7 Common Money Mistakes Women Make
Quite a number of women make a lot of money mistakes that keep them in financial rut without being aware of this. However, the right money management tips applied early enough can see your finances taking a turn for the better in no time.
Few years ago, I had a great job and earned a good salary. But I found I was broke before the end of the month and eagerly anticipating the next paycheck. That summed my financial life at the time: I lived large, had no good spending habits and worse, had no savings or investments.
It took losing my job and been thrown into a dark maze of debt, lack, and impoverishment to re-align my financial intelligence.
Most of us have enviable money habits and know how to keep our money or make it work for us. On the other side of the spectrum are the few of us who don’t and constantly make one of two delibitating money mistakes.
We earn good money and with no good money management tips at our disposal, lose it all within a twinkle of an eye.
If you find this has been the story of your life, then you can change this and it all starts with identifying what the mistake is in the first place.
Here are seven common money mistakes women make and how you can correct them
Seven Common Money Mistakes Women Make
1.Putting the Kids First, All the Time
It’s common for women to put their kids needs above all else, all the time. Now, while this is natural, it may not be that healthy.
Wanting to provide your kids all they need and want will not be to your favour, nor to your kids in the long run. To guard against this, you might want to cultivate the habits of providing most of their needs and some of their wants as much as you comfortably can and set up savings with what’s left.
2.Allowing Your Partner Handle all the Family Finances
There are quite a number of women who know next to nothing about money management. They leave their partner to handle the family finances, not wanting to be bothered with the ‘confusion’ that comes with calculations and book keeping.
Now, this arrangement works out a lot of the time, there have been those few cases where the man made bad financial decisions that threw the family into a life of penury and want.

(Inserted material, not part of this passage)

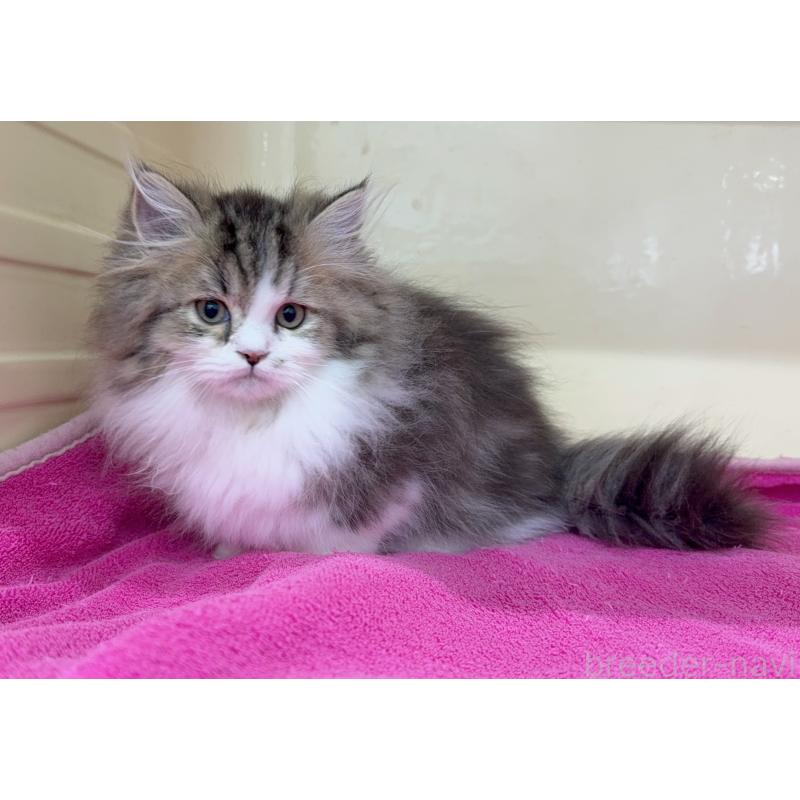 販売中の愛知県のミヌエット(短足)-125419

Having the necessary financial intelligence and handling some of your of the family’s finances will secure your life and future to some extent.
Having one financial expert in the home is great, but two heads coming together is even better.

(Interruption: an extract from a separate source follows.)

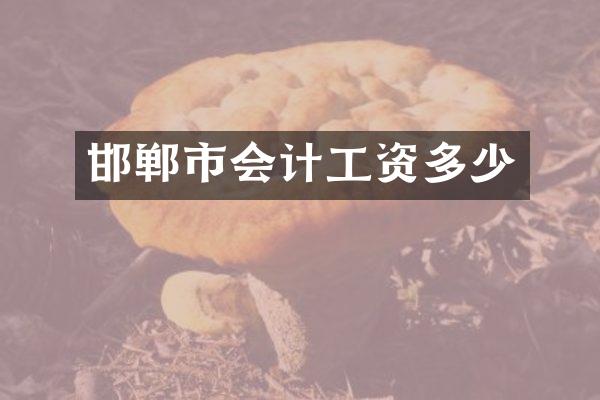 邯郸市会计工资多少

3.Having No Investments in Your Name
Again, you should have some investments in your name. There have been cases where a couple bought investments in their joint names and the woman lost out.
For instance, having a property receipt signed Mr and Mrs Smith may seem safe, but you should realize that while we do not expect such downturns, life happens and there could be a new Mrs Smith tomorrow.

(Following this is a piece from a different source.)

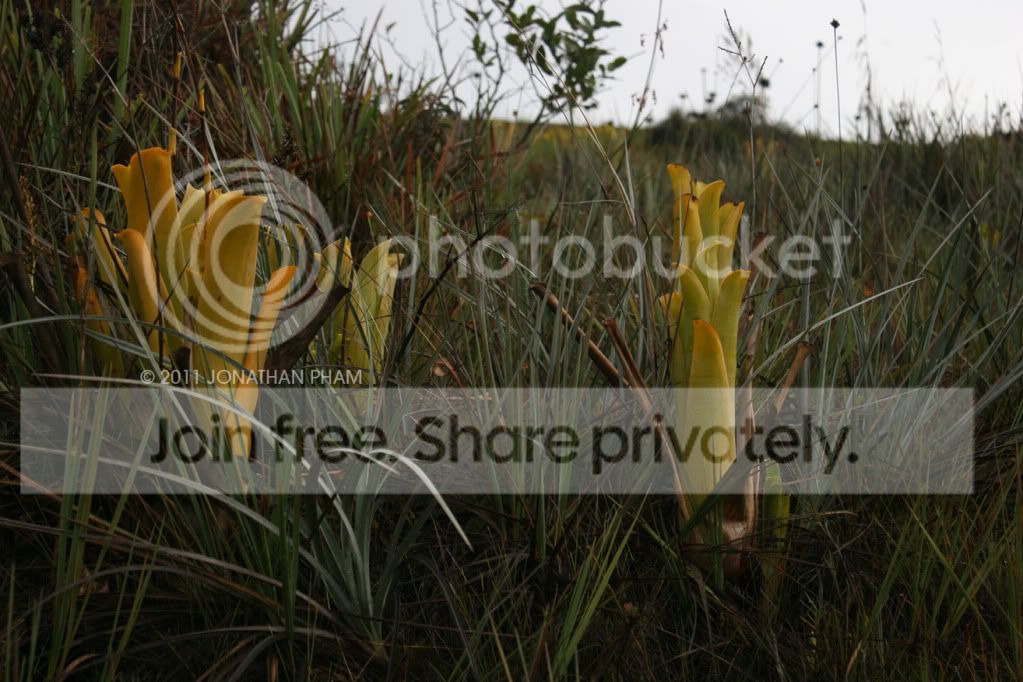 IMG_0684.jpg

You should have some investments in your name and for joint ownership, have both names fully written in the receipt e.g. Mr John and Mrs Jane Smith.
4.Living for the Now, with Little Thoughts for the Future
Some women have no thoughts for the future and live for the now.
Everyone deserves the good life and you should make your life as comfortable as you possibly can. But while at it, ensure you have a plan for the future.
Set aside a certain amount at intervals that will be invested for a good return. You could even set up your investments to a point where these can fund the lifestyle you want from the dividend or profit proceeds.
5.Following the Crowd in Making Financial Decisions/Investments
Every financial decision you make should be informed, made after studying the market and investment opportunity.
Buying into an investment opportunity simply because your friends are into it is bad financial decision and you could get burnt from that choice.
Certify every investment opportunity as feasible and capable of yielding a good return before keying into it.
6.Being an Impulse Shopper
Being an impulse shopper is one of the worst money mistakes any woman can make and what this kind of habit does is that it keeps you in a constant state of lack. Tho combat this, choose to have a buying plan which you stick to come what may, and this will put you under a lot less pressure and as well as free up some cash that can be saved or invested.
7.Not Having a Regular Savings Plan
Lastly, not having a savings plan is one money mistake that leads to lack.
The good thing is you can develop a savings plan anytime and come up with a savings system that works best for you.
You can choose to save daily, weekly, or monthly. What matters is that your savings be consistent.
At the end of a period, you can channel a particular amount saved into your investment portfolio and start the savings over again.